The tutor runs the verification ritual: it picks one of your category mappings or one of your low-versus-high comparisons and asks you to explain it from memory, with your AI session closed: why this flaw belongs to that category, or exactly what the “high” level changed. The low-versus-high comparisons are the likeliest target, because they are where real understanding shows.
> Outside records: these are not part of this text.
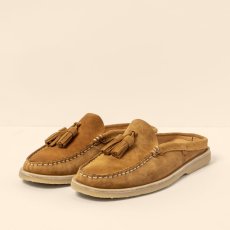 Pantofle nazouváky#N5964 SILK SUEDE TOFFEE/ PLANTAE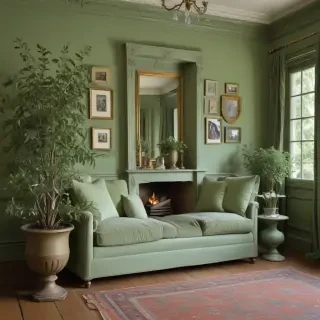 aesthetic sage green
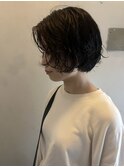 ショートボブパーマ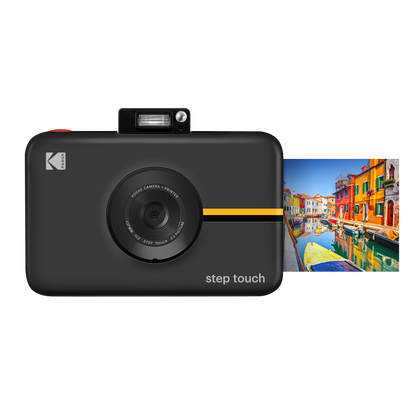 Kodak Step Touch Instant Print Camera, 13MP, 3.5" Touchscreen - Black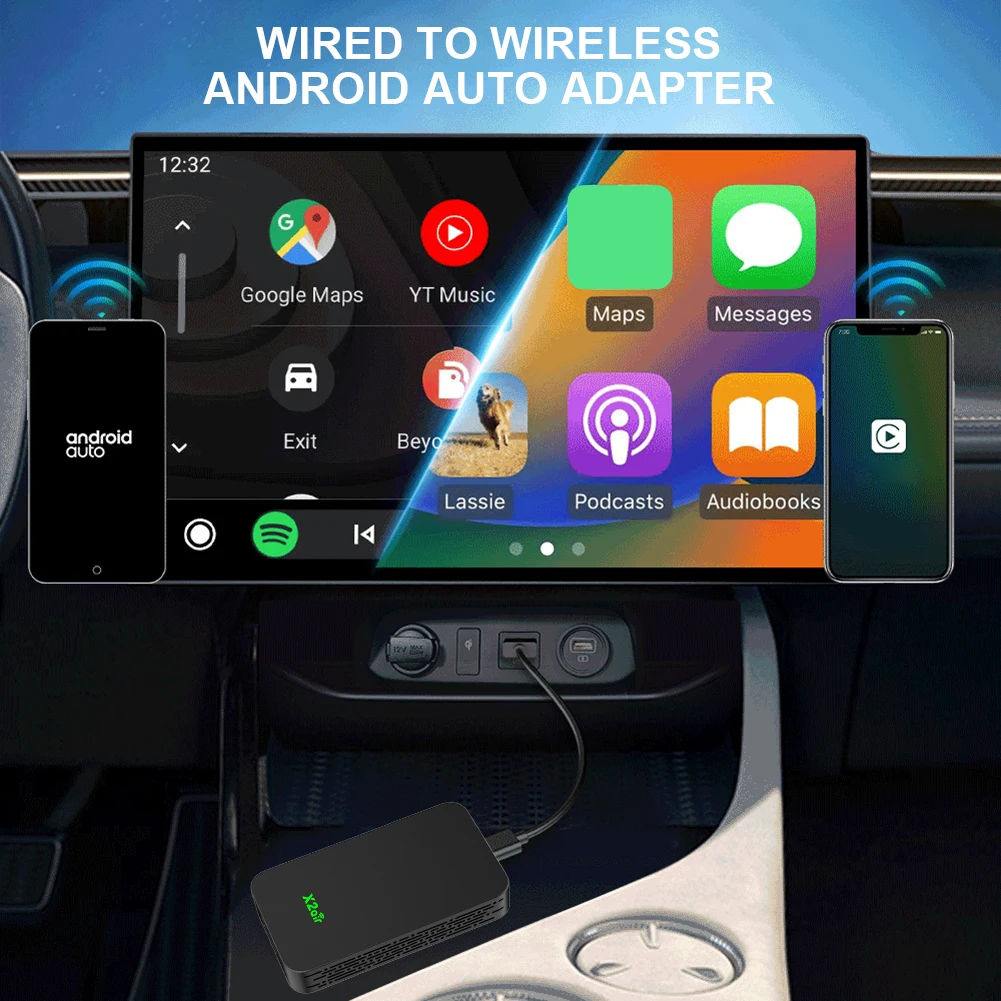 CarlinKit CPC200-2air CarPlay сымсыз Android Auto адаптері сымды Carplay Android Auto үшін Сурет 1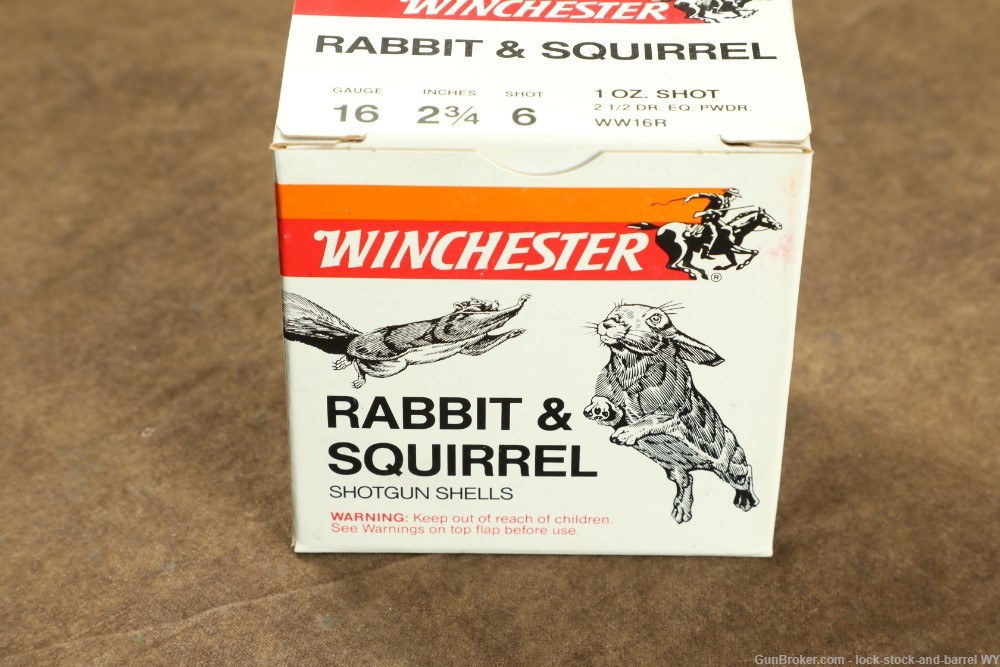 250x Winchester 16 Ga. 2 3/4" #6 Shot Rabbit & Squirrel Shotgun Ammo -img-4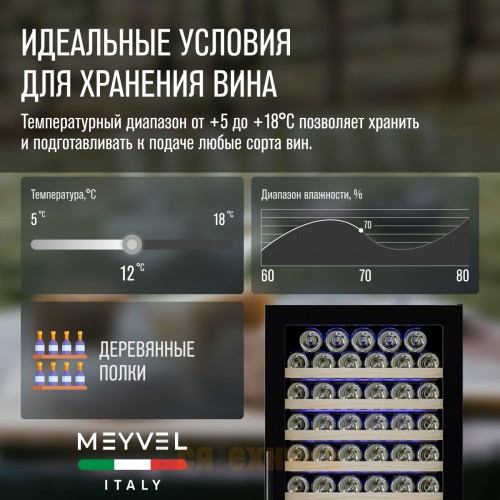 Винный шкаф Meyvel MV163-KBT2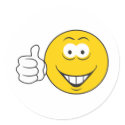 Thumbs Up Smiley Face stickers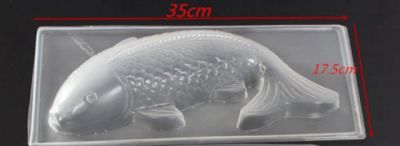 【✴COD✴】 RTERT54634 ปลาคาร์พปลาตะเพียนเค้ก3d แม่พิมพ์ช็อคโกแลตเจลลี่แม่พิมพ์ขนมหวานอุปกรณ์เครื่องมืออบขนม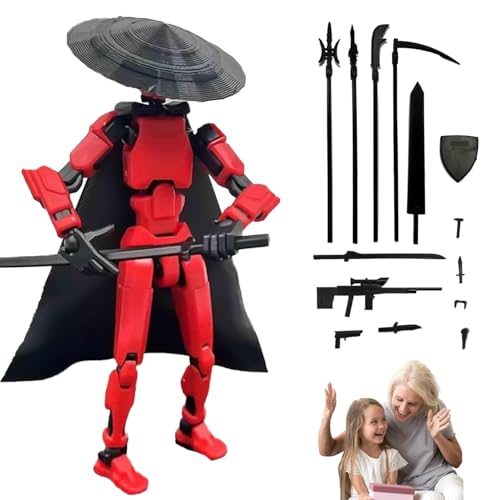 gifyym 3D Heroes Actionfigur - T13 | 13 Aktion Abbildung - 3D -gedruckte Aktion Abbildung | Bewegliche Gelenke realistische Sammlerspielzeuge | Stressabbau Desktop -Dekorationen für Kinder von gifyym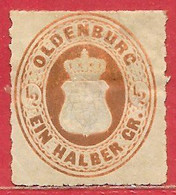 Oldenbourg N°16 0,5g Orange 1862 * - Oldenbourg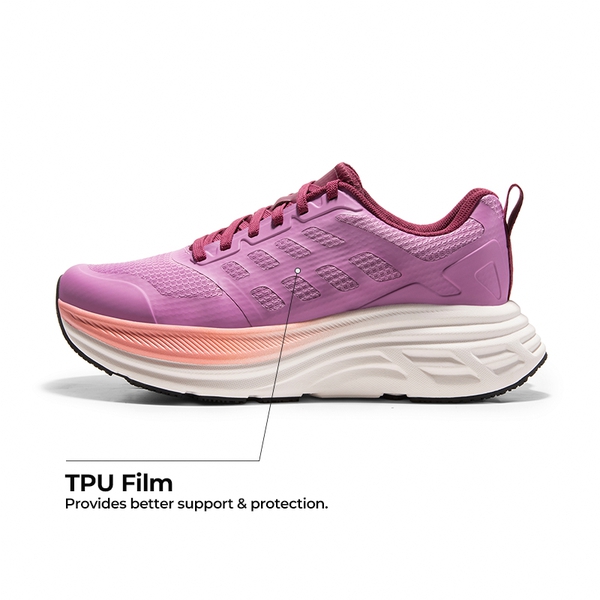 [ActiveFloat] Women's Breathable Lifestyle Walking Sneakers - PURPLE - 5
Self-explain: in one sentence, why does naming the control at “high” teach you more than running the exploit at “low”?

Stretch goals

For one flaw, find a bypass for the “medium” level but not “high,” and write up precisely why the medium control was incomplete and the high one was not. This is exactly the analysis you practiced in Task 2.
Take one category DVWA cannot demonstrate (supply chain, say) and write a half-page on where it would show up in a real app and how you would test for it. That writing is strong portfolio material.
Compare a DVWA module’s “high” source to the matching OWASP Cheat Sheet recommendation and note whether DVWA’s fix is the recommended one or merely a partial mitigation.

Troubleshooting

Forcing every category onto a module. Resist. A bad mapping is worse than an honest “not demonstrable here.” The 2025 list includes categories (supply chain, logging and alerting) DVWA was never built to show; say so.
The “high” level defeats your “low” approach and you want to look up the bypass. Use the brainstorming pattern (variants on a payload you crafted) and the tutor’s hint ladder instead. If you cannot bypass “high,” documenting the blocker honestly is a complete outcome.
Leaving DVWA reachable. Its defaults are insecure on purpose. Do not leave it running on a reachable network when you are not actively working it.
Letting the module labels do your thinking. You move faster here than in Juice Shop because DVWA labels its modules, but the module name is not the OWASP category; reason about the mapping yourself.

Time budget breakdown

Task 1: 60 minutes
Task 2: 30 to 45 minutes (the defense-reading method on your own toy app)
Task 3: 5 to 6 hours
Task 4: 2 hours
Task 5: 60 minutes
Buffer: 45 minutes

Total: 9 to 11 hours.

Resources

The DVWA project documentation: setup, the security-level switch, and the explicit warning about not exposing it. The module source code is open; read it for Task 4.
The OWASP Top 10 (2025) list and the per-category pages (see reading.md), which you use to justify each mapping.
The Burp Suite Community documentation from Lab 7.2.
Your Lab 7.3 recognition retrospective, which told you which categories you are weak on; spend your effort there.